You mention that if I apply for the spousal visa as soon as I get to Japan, it should only take a week or so to get it? Don't I have to get married before I apply for the spousal visa or can I apply first and then get married right after? It is good to know that once I have applied for the spousal visa, I don't have to leave Japan even if my 3 month tourist visa expires. Thanks for such a detailed response. I hope to hear more from you soon.


----------



## larabell

No... you mis-read my post. I said that if you have your act together, you can have your application submitted within the first week... a day to go to the US Embassy, a day to go to the city/ward office where you decide to marry, and a day to drop by Immigration. If you file the marriage form at the same city office where your girlfriend lives, she can pick up the necessary paperwork for her end (ie: her family register) right there the same day. How long it takes the visa to actually be issued is anyone's guess but I'm saying it probably won't take three months.

You do have to be married in order to apply for a spousal visa. Once you get the paperwork squared away, filing the "kekkon" form only takes an hour, at most (less if you go when it's not busy). You don't need a ceremony. Marriage here is like signing a contract (well... it's like that most everywhere but Japan actually handles it that way). You and your witnesses sign the form, the clerk checks that all the papers are in order, you wait for them to enter it all into the computer and walk away with the certificate. At least that's pretty much how it worked when I did it.


----------



## blondsurferboy

larabell said:


> No... you mis-read my post. I said that if you have your act together, you can have your application submitted within the first week... a day to go to the US Embassy, a day to go to the city/ward office where you decide to marry, and a day to drop by Immigration. If you file the marriage form at the same city office where your girlfriend lives, she can pick up the necessary paperwork for her end (ie: her family register) right there the same day.
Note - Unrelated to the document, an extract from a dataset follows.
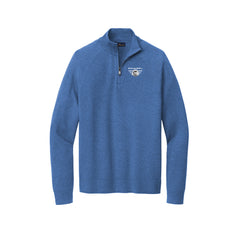 Bob Caldwell Automotive - Brooks Brothers® Cotton Stretch 1/4-Zip Sweater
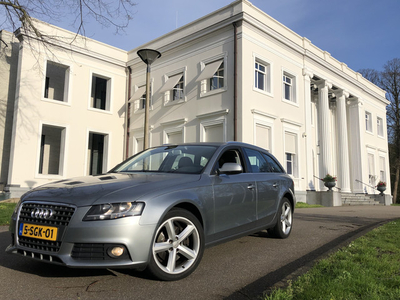 Audi A4 Avant 1.8 TFSI AUT, € 6.400,= !!, VOLLEDER, EXTREEM MOOI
How long it takes the visa to actually be issued is anyone's guess but I'm saying it probably won't take three months.
> 
> You do have to be married in order to apply for a spousal visa. Once you get the paperwork squared away, filing the "kekkon" form only takes an hour, at most (less if you go when it's not busy). You don't need a ceremony. Marriage here is like signing a contract (well... it's like that most everywhere but Japan actually handles it that way). You and your witnesses sign the form, the clerk checks that all the papers are in order, you wait for them to enter it all into the computer and walk away with the certificate. At least that's pretty much how it worked when I did it.
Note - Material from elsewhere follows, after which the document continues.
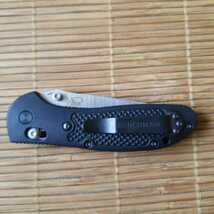 ベンチメイド　BENCHMADE ナイフ　551-S30V GRIPTILIAN グリップティリアン_画像4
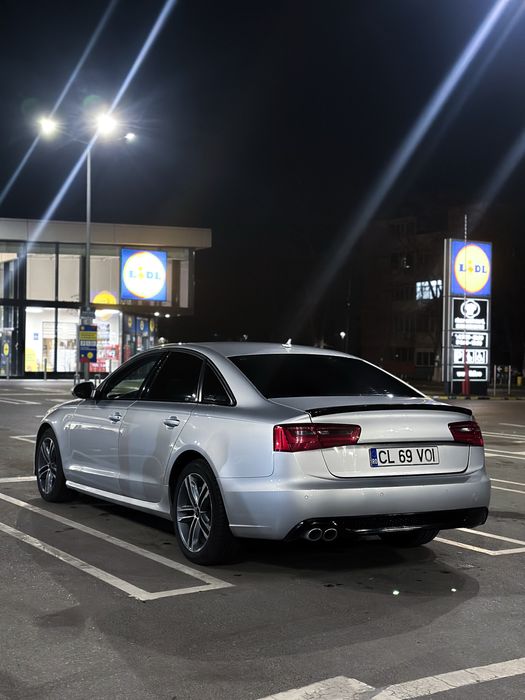 Audi A6 C7 2.0 TDI Multitronic 8+1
I see, sorry for not being clear before. Yeah, it seems that each step takes about a day. Since she lives in Shizuoka, I know we will have to go to the embassy in Tokyo, which is only 2 hours north visa subway. So it seems that we only need to go to Tokyo for day 1 and then the other steps can be done within the city she lives is yes? Such as marriage, going to immigration, apply for the spousal visa, etc? I'm assuming that going to immigration the same or next day after getting married, we would take the proof of marriage paperwork and address where we live (maybe list parent's address)? I have also heard that for the 2 witnesses, these 2 Japanese residents can just sign beforehand and don't have to be present at the office with us? She will just have her friends or parents sign as witnesses.


----------



## larabell

Japanese don't really sign, they stamp. If memory serves me, I believe you're right about the witnesses not having to be present when you submit the form. But if one or both cannot be present, you may have to show an "inkan shomeisho" (proof of the validity of the stamp) for the ones who aren't there. Your girlfriend should visit the city office in Shizuoka to check on the details and what they specifically require. If you're short a paper or two, you'll waste a lot of time. Please check with official sources.
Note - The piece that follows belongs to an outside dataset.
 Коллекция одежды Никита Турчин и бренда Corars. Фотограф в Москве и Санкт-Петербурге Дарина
As for the US Embassy, she doesn't need to be there so I was thinking if you come into Narita you might spend one night in Tokyo at some business hotel and visit the Embassy before you head down to Shizuoka. All you're going to do there is swear in front of the notary that you're not married and pay a small fee. Of course, you should be able to work out the travel logistics for yourself.

I don't know if there is an Immigration Bureau office in Shizuoka. I know there's one in Tokyo and I also know that's not the only one. You can't get to Tokyo from Shizuoka by subway... but I'll assume you meant by train. If you take the Shinkansen, it only takes an hour and you can get off right at Shinagawa, where the Immigration Bureau is located. You can do a quick online search and see if there's an Immigration office down there, but... if it were me... I'd come up to Tokyo because that's probably where they'll send your application anyway (I'm assuming if they have anything at all in Shizuoka, it's most likely just a branch office for accepting applications... submitting it to the Tokyo office might save a day or two in turnaround time... or not).

You might want to visit Immigration once on your way down to Shizuoka to find out if they will require a guarantor for your spousal visa. You might want to know that before you make the trek up to Tokyo to actually apply for the visa. Again, I urge you to check with official sources to find out exactly what you'll need.


----------



## blondsurferboy

larabell said:


> Japanese don't really sign, they stamp. If memory serves me, I believe you're right about the witnesses not having to be present when you submit the form. But if one or both cannot be present, you may have to show an "inkan shomeisho" (proof of the validity of the stamp) for the ones who aren't there. Your girlfriend should visit the city office in Shizuoka to check on the details and what they specifically require. If you're short a paper or two, you'll waste a lot of time. Please check with official sources.
> 
> As for the US Embassy, she doesn't need to be there so I was thinking if you come into Narita you might spend one night in Tokyo at some business hotel and visit the Embassy before you head down to Shizuoka. All you're going to do there is swear in front of the notary that you're not married and pay a small fee. Of course, you should be able to work out the travel logistics for yourself.
> 
> I don't know if there is an Immigration Bureau office in Shizuoka. I know there's one in Tokyo and I also know that's not the only one. You can't get to Tokyo from Shizuoka by subway... but I'll assume you meant by train. If you take the Shinkansen, it only takes an hour and you can get off right at Shinagawa, where the Immigration Bureau is located. You can do a quick online search and see if there's an Immigration office down there, but... if it were me... I'd come up to Tokyo because that's probably where they'll send your application anyway (I'm assuming if they have anything at all in Shizuoka, it's most likely just a branch office for accepting applications... submitting it to the Tokyo office might save a day or two in turnaround time... or not).
> 
> You might want to visit Immigration once on your way down to Shizuoka to find out if they will require a guarantor for your spousal visa. You might want to know that before you make the trek up to Tokyo to actually apply for the visa. Again, I urge you to check with official sources to find out exactly what you'll need.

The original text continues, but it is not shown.